(Input for this task)

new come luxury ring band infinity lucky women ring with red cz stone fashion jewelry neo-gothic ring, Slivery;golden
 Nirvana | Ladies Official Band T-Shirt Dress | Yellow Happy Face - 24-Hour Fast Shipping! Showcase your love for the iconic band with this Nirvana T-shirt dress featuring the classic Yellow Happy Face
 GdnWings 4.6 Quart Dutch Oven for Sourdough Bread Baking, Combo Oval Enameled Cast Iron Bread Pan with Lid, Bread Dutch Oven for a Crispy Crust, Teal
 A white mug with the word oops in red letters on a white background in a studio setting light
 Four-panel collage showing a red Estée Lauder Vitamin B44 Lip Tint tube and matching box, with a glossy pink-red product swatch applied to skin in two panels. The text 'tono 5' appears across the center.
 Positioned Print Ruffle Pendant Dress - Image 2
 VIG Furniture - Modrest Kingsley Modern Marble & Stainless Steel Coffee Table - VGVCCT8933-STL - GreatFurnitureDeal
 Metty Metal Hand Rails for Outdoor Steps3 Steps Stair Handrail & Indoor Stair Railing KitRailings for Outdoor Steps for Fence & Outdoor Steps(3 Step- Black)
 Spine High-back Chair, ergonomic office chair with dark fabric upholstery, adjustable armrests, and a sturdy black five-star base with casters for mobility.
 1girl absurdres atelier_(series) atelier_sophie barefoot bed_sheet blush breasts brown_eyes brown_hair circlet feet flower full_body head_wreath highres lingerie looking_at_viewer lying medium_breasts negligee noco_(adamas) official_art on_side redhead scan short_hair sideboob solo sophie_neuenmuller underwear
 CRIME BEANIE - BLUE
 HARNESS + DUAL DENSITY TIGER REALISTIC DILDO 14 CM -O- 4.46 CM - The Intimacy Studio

(End Input for this task)

# Task objective:
Each record must appear again, word for word.

# Result for this exercise:
new come luxury ring band infinity lucky women ring with red cz stone fashion jewelry neo-gothic ring, Slivery;golden
 Nirvana | Ladies Official Band T-Shirt Dress | Yellow Happy Face - 24-Hour Fast Shipping! Showcase your love for the iconic band with this Nirvana T-shirt dress featuring the classic Yellow Happy Face
 GdnWings 4.6 Quart Dutch Oven for Sourdough Bread Baking, Combo Oval Enameled Cast Iron Bread Pan with Lid, Bread Dutch Oven for a Crispy Crust, Teal
 A white mug with the word oops in red letters on a white background in a studio setting light
 Four-panel collage showing a red Estée Lauder Vitamin B44 Lip Tint tube and matching box, with a glossy pink-red product swatch applied to skin in two panels. The text 'tono 5' appears across the center.
 Positioned Print Ruffle Pendant Dress - Image 2
 VIG Furniture - Modrest Kingsley Modern Marble & Stainless Steel Coffee Table - VGVCCT8933-STL - GreatFurnitureDeal
 Metty Metal Hand Rails for Outdoor Steps3 Steps Stair Handrail & Indoor Stair Railing KitRailings for Outdoor Steps for Fence & Outdoor Steps(3 Step- Black)
 Spine High-back Chair, ergonomic office chair with dark fabric upholstery, adjustable armrests, and a sturdy black five-star base with casters for mobility.
 1girl absurdres atelier_(series) atelier_sophie barefoot bed_sheet blush breasts brown_eyes brown_hair circlet feet flower full_body head_wreath highres lingerie looking_at_viewer lying medium_breasts negligee noco_(adamas) official_art on_side redhead scan short_hair sideboob solo sophie_neuenmuller underwear
 CRIME BEANIE - BLUE
 HARNESS + DUAL DENSITY TIGER REALISTIC DILDO 14 CM -O- 4.46 CM - The Intimacy Studio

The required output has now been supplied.